So, you need to make a decision. It’s time to decide what you will invest in various segments of your hotels marketing activity. Once upon a time, you will have done this on ROI but in 2021, to do so will greatly mislead your budget and attention, leading to an overemphasis on direct response and not enough focus on the long-tail impact, leading to misguided focus and less profits over the long run. This blog aims to explain why we’re here and why things have to change for your hotel to win.
The traditional way
Traditionally, hotel marketers will have measured ROI or, ‘return on investment’. For example, you may have invested £1000 in Google Ads and Google Ads is telling you this generated £8,500 in margin from bookings, which is an 850% ROI (to be tracking margin, you’re already above 98% of hotels!).

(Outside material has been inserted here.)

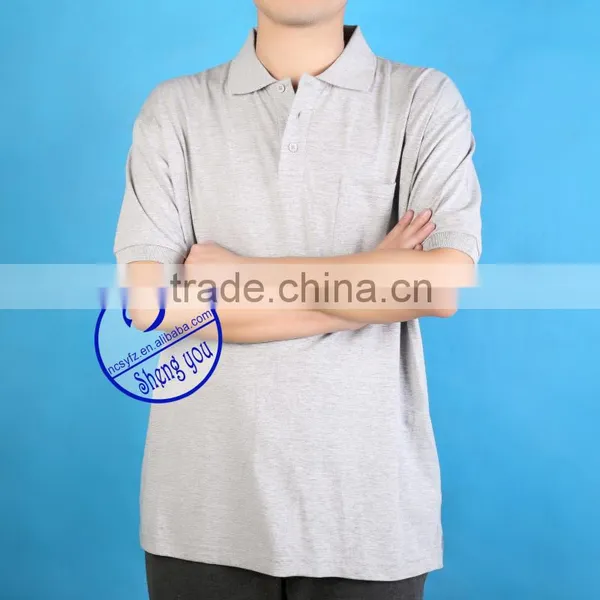 Custom Mens Polo Shirt With Epaulet and Pockets photo-2
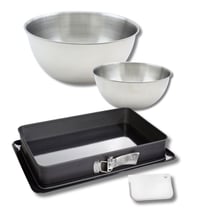 Set de 4 ustensiles de pâtisserie moule à gâteaux bols et spatule Zenker Deluxe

When it comes to budget season, this will be compared to the performance of your social ads. For example, you may have a themed activity focused on next summer, which had a 60% ROI. Naturally, by comparing these figures, the outcome will be less for social and more for search.
This paradigm of thinking leads to direct response marketing taking the lion share of budget and in a time where there is an increasing weakness of advertising platforms ability to provide full tracking solutions, this will continually lead to seemingly lesser and lesser results (as less is tracked so results appear lesser).
The future method
So, what do we do instead of measuring ROI? We believe the future will be one where successful hotel budgets are decided on guided faith. Both of these components are crucial to success. Let’s tackle them one at a time.
Guided
We are in a data-heavy world where you could spend hours devouring data. Deciding budgets involves finding the signals amongst the noise. How do you find a signal? You have to first consider the ultimate objective for each piece of marketing and then you need to look for data that proves or disproves this assumption.
For example, your Facebook ads about booking a break this autumn may have the aim to drive website visits and repeat visits, which leads to bookings. In this case, we understand not all bookings will be tracked so, the measly 50% ROI isn’t worth paying attention to. The signal instead is that it cost £0.01 to get someone to visit your website and stay there for 5 minutes. From here, it’s up to the second component to allow you to fairly measure this against much (seemingly) higher ROI direct marketing activity.
Faith
As mentioned earlier, greater privacy laws and cookie restrictions have meant many conversions will not be attributed to marketing. Instead, it will appear as though they randomly found you via direct or organic traffic, when in actuality, you are just unable to track many of your marketings results. This has led to the need for faith.
When we talk about faith, we are not talking about blind faith, where you believe something with no grounding. We are talking about faith grounded in facts. Google & Facebook have designed pages dedicated to their brand awareness case studies (and before you say these companies are massive, remember the principles are the same with £100 as £100k). From these, we can see that greater awareness is the invisible force that raises the tide. So, in the earlier example, you can anticipate that you will see an uplift across the board from reaching people, leading to an ROI. Faith if this point is pivotal in allowing you to make the step into the future.
Striking the balance
So, when you’re looking at how much money to put towards organic social, paid social, paid search, email marketing, metasearch etc, we would urge you to consider the above two components carefully. The past is gone, let’s move forward into the exciting future.